For example, a Pacific earthquake response is to be exercised at the national level next week; I have attended exercises in the US involving movement of both US and Canadian forces across the border in response to a disaster; we are holding a major exercise in the spring to practice the deployment of support forces to BC; there are written, fully validated contingency plans for a number of disaster and attack scenarios already in place; and, finally, our liaison structure is firmly in place and has been utilized on real operations over and over again.  It is also much simpler than that in the US, as has been pointed out on other threads.

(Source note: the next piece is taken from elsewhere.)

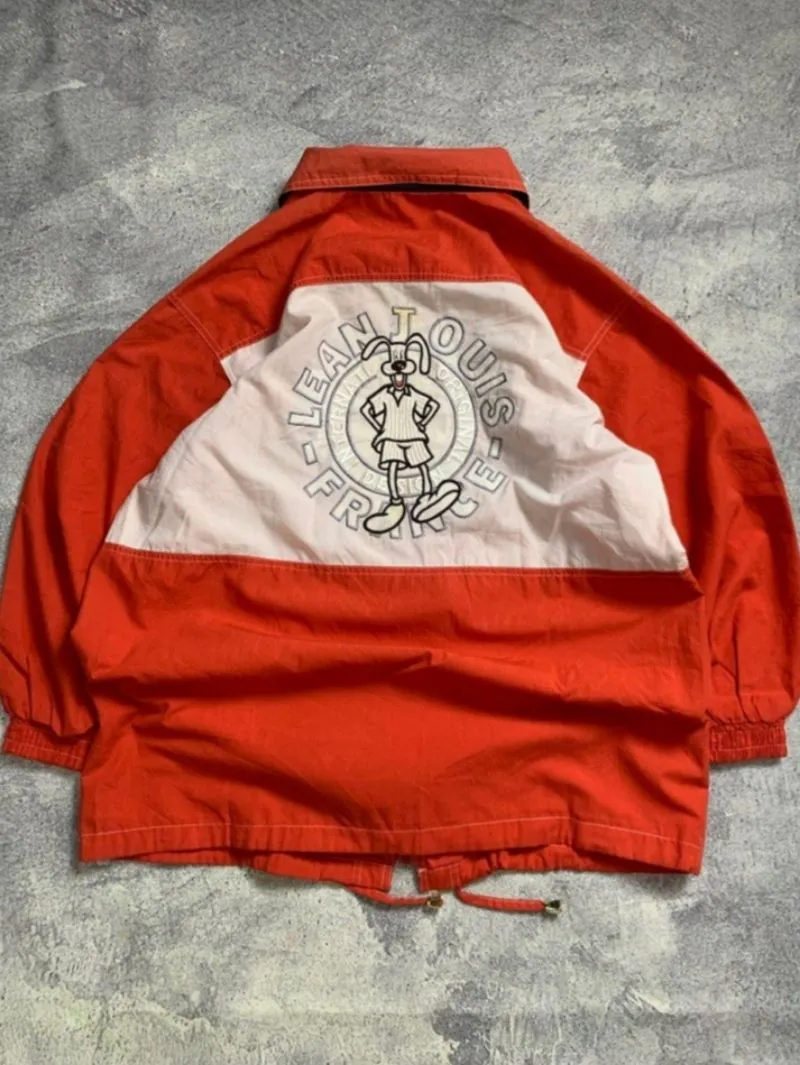 Vintage Streetwear Harrington jacket Pria white red photo 1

All this to say that we now have a significant amount of experience with real-time domestic response.  The new command structure should simplify things even further.

Hope this helps,

TR


----------



## bossi (24 Sep 2005)

GNR said:
			
		

> ... Read my posts, I have never claimed that I was to be the planning expert, or that I had the solution.   I am NOT the SME in this subject, I asked why we were not involved in an exercise that we could use to prove the skills we are suppossed to use to bail out an overwhelmed group of responders. ...



In a nutshell, the Toronto exercise was a low-level tactical exercise, of short duration.  It did not entail a scenario whereby civil authorities were overwhelmed, which in turn is the defnitive "trigger" for military assistance.



			
				GNR said:
			
		

> ... I feel that we should be practicing the skills of a first responder in a actual exercise, instead of assuming we can use the skills we have to respond. ...

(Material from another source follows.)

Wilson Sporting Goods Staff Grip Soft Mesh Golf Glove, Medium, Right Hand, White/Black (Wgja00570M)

Everybody is entitled to their opinion.  
However,  in the context of civilian emergency management (which the CF sometimes supports with something referred to as "Domestic Operations") "first responder" means fire/police/ambulance, and in general the CF is the force of last recourse (i.e. not "first response").



			
				GNR said:
			
		

> ... I also stated in one of most recent posts *(Thanks to Piper for pointing out the document that contained the info!)* that it would appear it is up to the agency that requests us to pay our wages, therefore we will not put our skills to the test.



Yup - I'd have to agree:  You're not the SME ...
(i.e. if you weren't already aware of those documents)



			
				GNR said:
			
		

> ... I wanted to know why we weren't involved in this one.  And as I just said my answer arrived, ultimately it comes down to money that prevents us from being part of one of these exercises, NOT that we don't belong etc as was suggested from some others. ...



If this were a test/exam on a course, and if that was your final answer ... you'd be a trg failure.
Money/funding is NOT the deciding factor.
Whether or not we "belong" there is/was.
Feel free to contact me at work if you still don't get it.



			
				GNR said:
			
		

> ... Read ALL the posts BEFORE you jump in with your comments.



I tried ... but then my brain went numb ...  :brickwall:
How about you stay in your lane, and I'll stay in mine?


----------



## bossi (24 Sep 2005)

GNR said:
			
		

> "Curiously, is there already a liason between the civy responders and the military?  If so, have they witnessed similiar exercises to the one in TO?  Have they made any recommendations that have effected our training?  Or have they determined a way to use our current skill sets in a first response scenario?"
> 
> Sorry, I meant this sarcastically, to point out that others in a much higher pay bracket than me also feel we should be part of a response effort.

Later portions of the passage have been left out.